Nicole Kidman movies: 14 greatest films, ranked worst to best, include ‘Boy Erased,’ ‘Moulin Rouge,’ ‘The Hours’

Nicole Kidman, one of the most honored actresses currently working in both film and television, has returned to the nation’s movie screens in Joel Edgerton‘s “Boy Erased.” She plays the loving wife of an Arkansas minister (Russell Crowe) who both decide to ship their teenage son Jared (Lucas Hedges) off to a gay conversion center when they discover Jared’s sexual orientation.

If all of the awards buzz surrounding Kidman’s performance in “Boy Erased” comes to fruition, it will only add to her haul in awards nominations. To date, Kidman has been nominated for four Academy Awards (including a win for 2002’s “The Hours”), has earned 10 Golden Globe film nominations (including three wins for “To Die For,” “Moulin Rouge!” and “The Hours”) and has been nominated for seven Screen Actors Guild Awards for movies. Plus she just had an awards sweep at the Emmys, Globes and SAG for her TV work on “Big Little Lies.”

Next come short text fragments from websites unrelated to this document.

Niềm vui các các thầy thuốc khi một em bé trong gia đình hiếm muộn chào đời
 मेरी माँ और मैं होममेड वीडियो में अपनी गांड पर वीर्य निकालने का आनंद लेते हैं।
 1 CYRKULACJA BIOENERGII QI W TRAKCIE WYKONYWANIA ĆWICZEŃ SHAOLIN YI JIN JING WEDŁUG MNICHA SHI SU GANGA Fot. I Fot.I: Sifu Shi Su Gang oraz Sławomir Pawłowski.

And if that is not enough Nicole for you, she will be back in yet another highly-regarded role on Christmas Day in Karyn Kusama‘s “Destroyer,” in which she plays an undercover cop in a performance that has already received acclaim on the fall festival circuit. In honor of what seems like all-Nicole, all-the-time, let’s look back in our photo gallery above with her 14 greatest performances, ranked from worst to best.

14. NINE (2009)
With a number of Oscar winners on board (Kidman, Marion Cotillard, Daniel Day-Lewis, Judi Dench, Penélope Cruz and Sophia Loren), Rob Marshall’s film of the Tony Award-winning musical “Nine” almost defines the idea of the term “film ensemble.” Based on Federico Fellini’s film “8 1/2,” “Nine” tells the story of a famous Italian filmmaker (Day-Lewis) who, stuck with writer’s block, enlists the spirits of all the women who touched his life in order to get over it. Day-Lewis, Cotillard, Cruz and Kidman received the best notices among the company, with Kidman, who plays Claudia — “Nine’s” equivalent for actress Anita Ekberg — receiving particular kudos for putting her movie star persona to work in an ensemble that received an ensemble nomination from the Screen Actors Guild.

13. THE KILLING OF A SACRED DEER (2017)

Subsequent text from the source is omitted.